Changing the conversation about health

Bacteria found in the gut of top athletes could improve physical performance

New research has suggested that high performance athletes have different biomes to those who exercise more moderately or not at all.

A special type of gut bacteria, veillonella, was found in the digestive microbiomes of elite athletes and scientists believe it could play a role in boosting their performance while playing sports.

Research that put a gut bacteria, veillonella, found in the microbiomes of top athletes, into the colons of lab mice saw them run for 13 per cent longer on a treadmill than those without it

The Havard study, which was published in Nature Medicine, carried out research on the stools of marathon runners and endurance athletes after rigorous physical activity and found that they have higher levels of veillonella in their digestive microbiomes compared to individuals who don’t exercise.

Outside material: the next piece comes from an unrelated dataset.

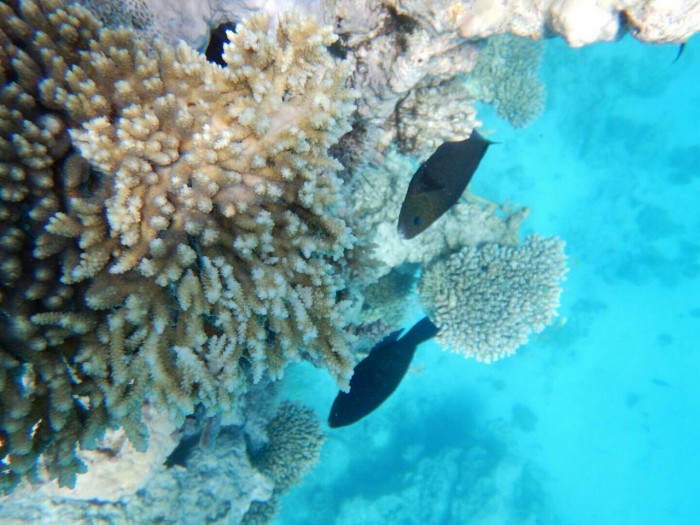 Výlet šnorchlováním na ostrov Utopia z Makadi Bay / Sahl Hasheesh lodí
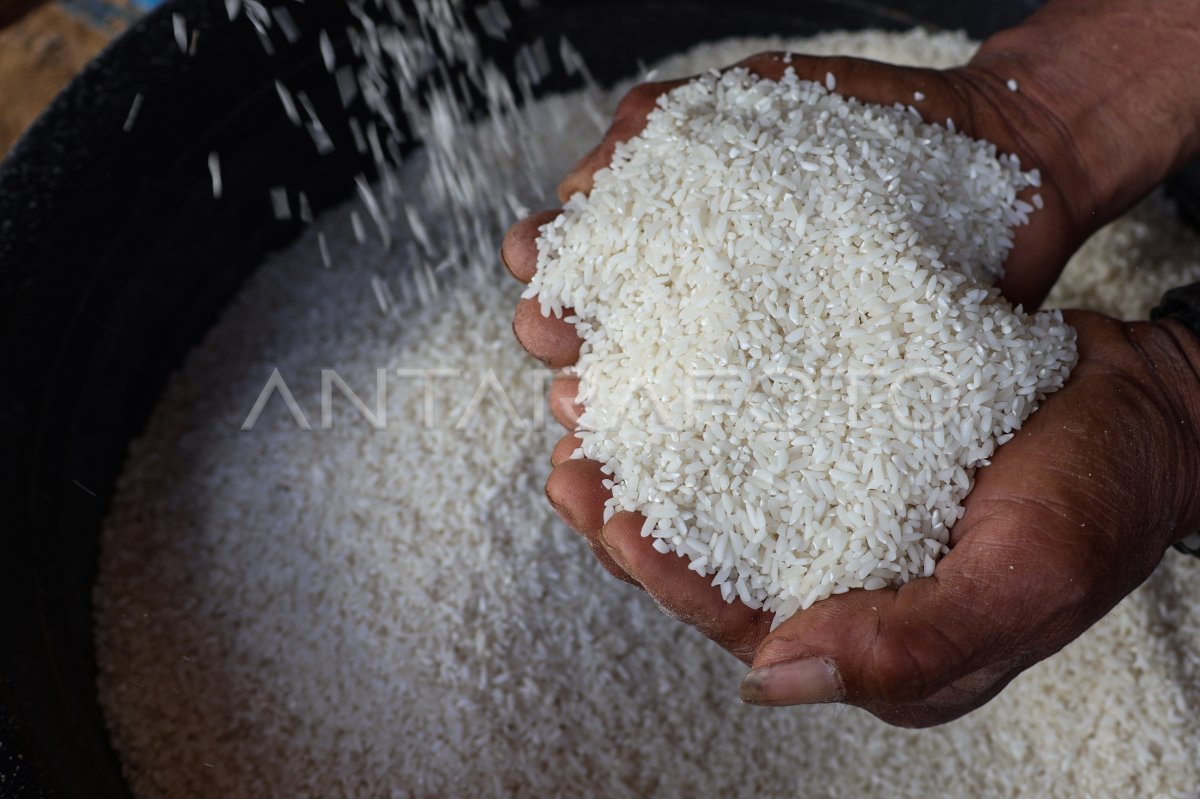 Organic rice plant cultivation in the Northern Luwu interior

After isolating a strain of veillonella from a marathon runner, they put the bacteria into the colon of mice and found the rodents given it could run 13 per cent faster than those without it.

A second round of testing analysed the microbiomes of 87 ultra-marathoners and Olympic-trial rowers and similarly high levels of veillonella were found.


Researchers say the performance-enhancing link could be centered around how bacteria break down lactate, a substance linked to fatigue during exercise. It’s present when the body uses up glucose to produce energy under low levels of oxygen.

Co-author of the study, Prof George Church of Harvard University said clinical trials in humans would now follow.